Nicoli had been a sales manager at Procter & Gamble, Edwards had been in sales at Jockey, and they’d both grown weary of corporate life.
“The birth of our business started with the birth of our friendship, which began with the birth of our first children,” Edwards recalled. That was about a decade ago. Lisa now has four kids, Sarah three.
“It wasn’t that I didn’t want to work any more,” Nicoli said. “I had a great career. It just didn’t work for my family life.”
Edwards recalled taking her oldest to day care for one day. She decided that day it wasn’t going to work and resolved to figure out another plan.
The pair began discussing what would work — a career that allowed them the flexibility to make their families a priority, to work with people they liked, doing something they enjoyed.
The idea of starting a business together came before the business idea itself, which came from their husbands, who first suggested making planners.
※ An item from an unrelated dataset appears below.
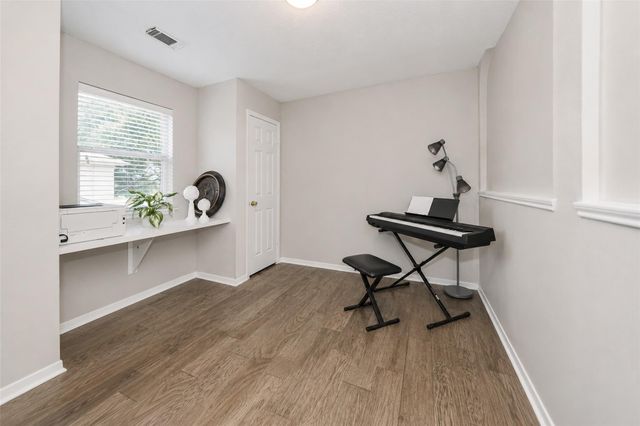 17435 S Summit Canyon Drive, Houston, TX 77095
After Nicoli and Edwards did some research and considered their individual strengths, they landed on the right mix for Dotmine.
Now Nicoli and Edwards both have home offices where they work most of the time, but they also schedule one formal day per week together. Over the years, this has sometimes meant planning around their kids’ naps or other priorities. So, they’ve continually adapted by meeting in each other’s houses and with business partners at local restaurants, cafes and other public spaces.
They’ve split their duties so Edwards focuses on the finances and operations, Nicoli leads on customer relations and marketing. Part of the reason their partnership works is a respect for each other’s responsibilities.
A decade in, they’re responding to a major change for the business — their biggest customer has been Ann Arbor-based Borders, but even before the book chain filed for Chapter 11 bankruptcy, Dotmine began to emphasize selling direct to consumers on their website and building visibility via social media.
“I don’t want to say it’s do or die,” Edwards said. “It’s do different or die.”
“Our presence had made a huge difference with fans on Facebook. Lisa and I also make sure we call or email every customer inquiry personally. They so appreciate hearing from us. They feel like they’re part of the family.”
Another part of their growth has been to use focus groups. As part of a recent new product launch, they invited 20 women to Nicoli’s living room for breakfast and asked them to bring whatever organization system they use to manage their own and their families’ lives. Not surprisingly, most of the women were the social secretaries and home managers for their entire households. They brought wall calendars, Franklin planners, day books, smartphones and more.
Dotmine borrowed from what they saw to make sure features like quarterly master calendars and tear-out to-do lists met their customers’ needs.
As they say on their website:
Like all great businesses, we continue to evolve, inspired by your comments that even in this high-tech world, you want space to record your life happenings, take notes, and put a pen on a piece of paper to cross things off your-to-do list. While there’s no such thing as a 100% perfect planner, we’re confident you’ll find a dotmine product that makes life good, every day.
And how do the owners of a planner company organize their own lives? Does all this talk about weekly priorities and shared information put them on a Martha Stewart level of perfection?
“We, too, try to juggle it all but sometimes a ball gets dropped. The reality is, we’re just like anybody else,” Nicoli said.
Would you like to try one of Dotmine’s planners?
Sarah and Lisa are offering two free planners as prizes for the best comments from Newvine Growing readers. Share your biggest time management challenge or your best time management tip and you could win a Dotmine planner. Deadline to enter is June 19, 2011.
Blogging disclosure: I am rarely unbiased about anything I write about. Think of Newvine Growing as my version of Oprah’s favorite things. In the case of Dotmine, Sarah and Lisa treated me to lunch after a mutual friend of ours introduced us by email. I make no representation of impartiality — I would love for them to be wildly successful — but I have also not used their product so this post is not intended as an endorsement.